SOME FAMOUS BIRD TRAVELERS

SURPRISING as are the travels of the Bobolink there are other birds which make even more wonderful journeys.

When we see how in our own time the Bobo­link has gone West with other pioneers, we can to some extent understand the manner in which it may have learned the way from its summer to its winter home.

But when birds migrate regularly to and from islands which are hundreds or even thousands of miles from the nearest land, we are at a loss to explain how they can have learned to make so long a journey over seas with no place to rest between the ports.


MIGRATION TO THE BERMUDAS

One February when I was sailing to the Lesser Antilles, about midway between the Bermudas and Porto Rico, we passed a beautiful, snowy-plumaged Tropic Bird. The bird was headed northwest toward the Bermudas, was flying rapidly, and seemed to pay no attention to our steamer.

Doubtless he was hurrying to join the hun­dreds of his kind which every year, late in Feb­ruary, go to the Bermudas to rear their young.

Now this little group of islets is about six hundred miles from the most northern of the Bahamas and the same distance from the coasts of South Carolina and Nova Scotia. On every side it is surrounded by water of great depth and there is no reason to believe that there ever was any land nearer to it than those places which I have mentioned.

So the Tropic Birds which every February go to the Bermudas could not have learned the route little by little, as the Bobolinks have crossed the continent. There was no halfway house. The first journey had to be made just as the latest ones are, in one flight.

We cannot believe that the first Tropic Birds to reach the Bermudas deliberately set out like explorers to discover new worlds. Perhaps, like Columbus, they chanced to land upon the Bermudas just as he did in the Bahamas. We may also suppose that, finding plenty of fish to live on and holes in the coral rock to nest in, they stayed, laid their one egg, and raised their downy white chick. When it could join them they returned to the West Indies whence they had come.

Possibly the parents never flew back to the Bermudas but the chick, prompted by that love of the land of his birth which plays so important a part in bird migration and which we shall speak of later as the “homing instinct,” may have flown back to the Bermudas the following year. “How could he find the way?” is a ques­tion which I will try to answer in a later chap­ter. That his offspring do find the way, their return in hundreds every February clearly proves.

The Tropic Bird is not the only migrant which each year visits the Bermudas. Certain shore birds frequently stop here and, among land birds, the Kingfisher, Yellow-billed Cuckoo, Bobolink, and Water-Thrush are sometimes found during the fall migrations.
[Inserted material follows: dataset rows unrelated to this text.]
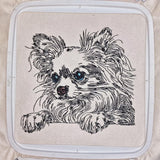 Stickdatei - WENIGER STICHE - Chihuahua "Kim"- realistisch - FÜR HELLE STOFFE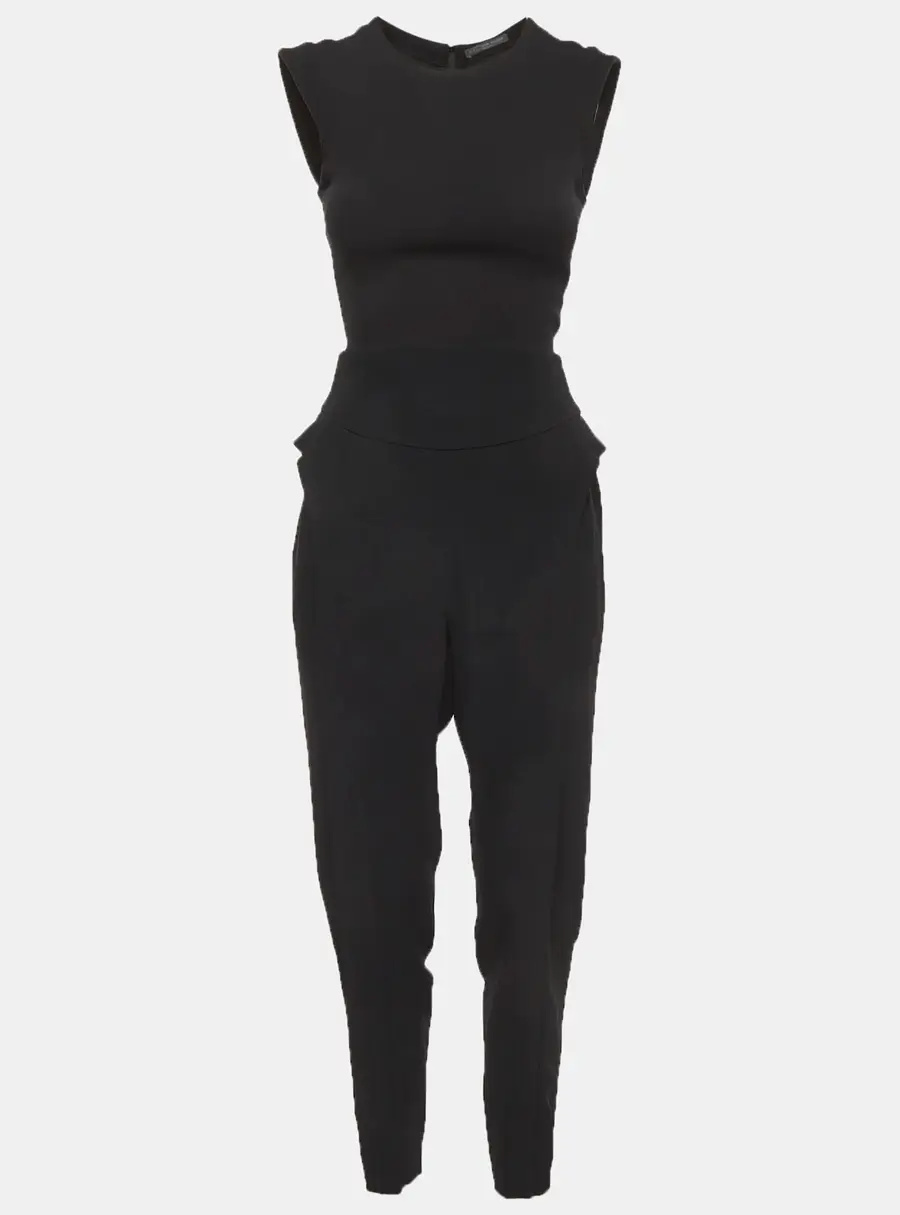 Alexander McQueen Black Stretch Knit and Crepe Cape Sleeve Jumpsuit S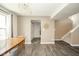 Open concept dining room with wood floors is situated steps away from the staircase to the upper level at 1139 Maple Stream Dr, Indianapolis, IN 46217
The course of these smaller birds after leav­ing the Bermudas is unknown to us. Possibly they may head due south for Porto Rico, or they may go southwest toward the Bahamas.

I have wondered whether it was a flight of birds from the Bermudas to the Bahamas that Columbus so fortunately saw when his discouraged sailors were about to mutiny if he would not turn back home. On October 3 of that event­ful year Columbus records that they were utter­ing “murmurs and menaces,” but on the follow­ing day they were visited, he writes, “by such flights of birds, and the various indications of land became so numerous, that from a state of despondency they passed to one of confident expectation.”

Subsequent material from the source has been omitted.